EPF and Unilin are partners in the Horizon 2020 European project CISUFLO (CIrcular SUstainable FlOor coverings) that has as main goal the transition to a sustainable circular flooring sector and is supported by innovation funds from the European Union. The consortium consists of 19 partners: industrial partners, research centres and associations and the project covers laminate, textile and vinyl floor coverings.
Product circularity is key for the preservation of our planet if we want to prevent depletion of our finite resources. Therefore, solutions need to be developed to make current flooring materials circular by design and/or by developing recycling technologies that recycle these products into new similar flooring products.
Nowadays, laminate flooring in particular and all MDF/HDF containing products in general, are often considered as hardly recyclable and such products commonly end in landfills or incineration at the end-of-life. This is an outcome that everyone wishes to change.

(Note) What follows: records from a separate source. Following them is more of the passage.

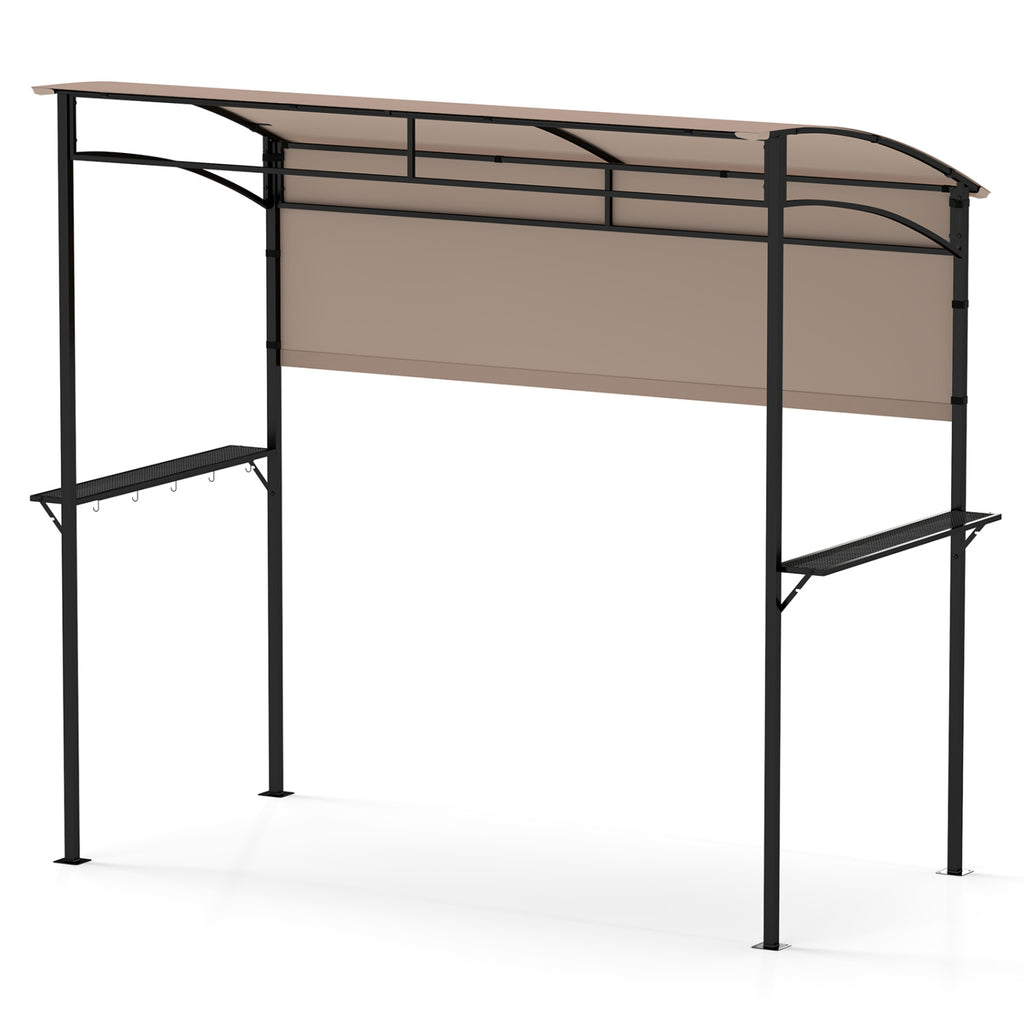 7.8 x 4.4 FT Outdoor Patio BBQ Canopy with Metal Shelves and Bottle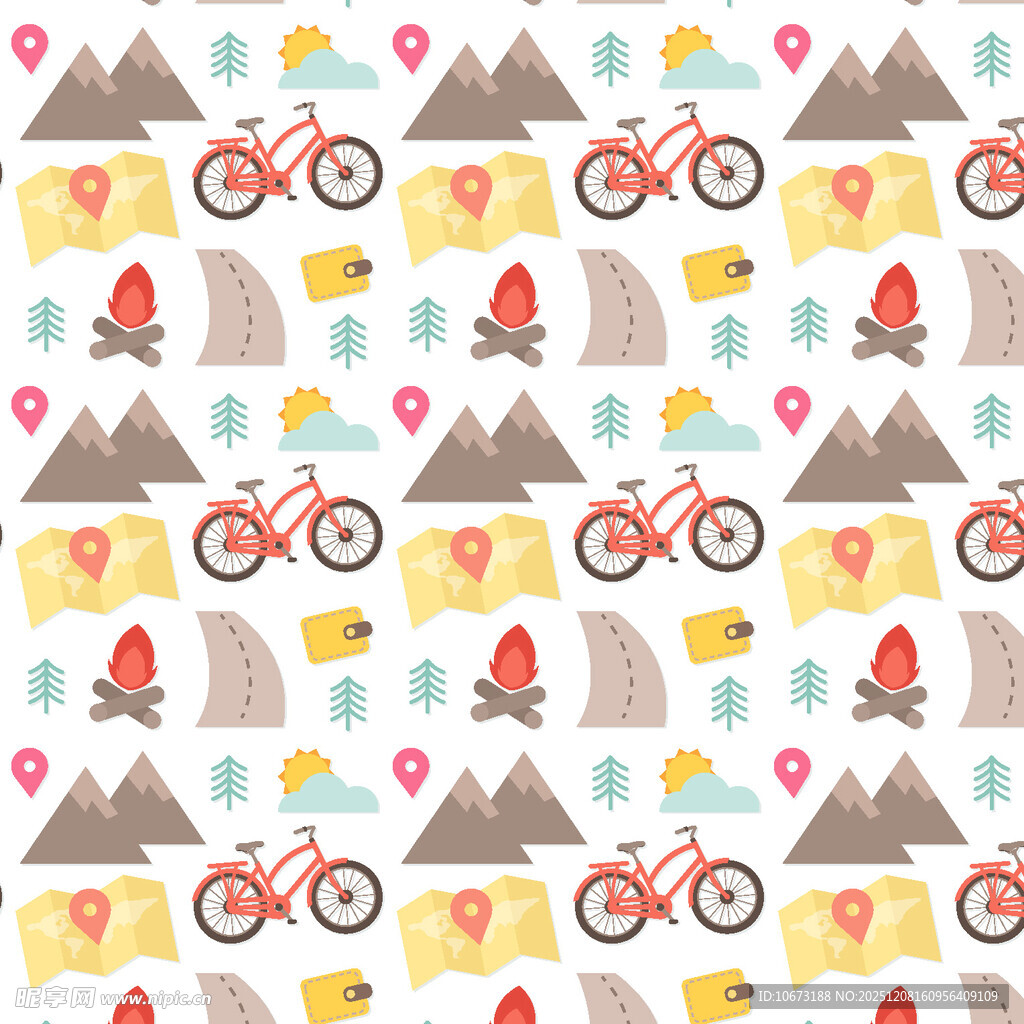 户外骑行露营图案背景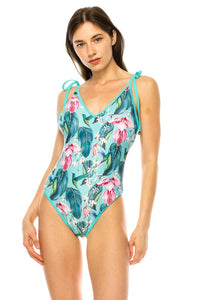 Thumbnail for ONE PIECE BATHING SUIT FLORAL PRINT SHOULER TOP TI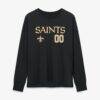 New Orleans Saints Women's Touchdown Wordmark Personalized Name & Number Long Sleeve T-Shirt - Black - Side View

In order to close the recycling loop, a revolutionising technology has been developed by Unilin based on steam explosion. This allows the extraction of valuable wood fibres from MDF/HDF containing products (in particular laminate flooring). These fibres are then prepared for reuse and used as a replacement of virgin fibres in an HDF production process. This allows to recycle the main part of a laminate flooring, being the core HDF.
Unilin has spearheaded this initiative by establishing a pilot line at its MDF mill in Bazeilles, France. Since 2021 this line has been refined to the process needs of the recycling process. The actual status is that this line is producing over 1 ton of recycled fibres per hour, and these fibres are immediately reused in the production of new MDF/HDF products on a continuous basis. This rather small recycling unit demonstrates already the huge potential of the developed technology: not only the fact that fibres can be extracted and reused, with no significant impact on quality, but the recycling can be done at economically interesting conditions. In fact, the way the process performs, it even saves electrical/thermal energy compared to the energy required for producing wood fibres based on virgin wood.
This success refutes the sometimes perceived image of MDF/HDF as a non-recyclable product and instead demonstrates its circularity, for which European wood-based panels are known.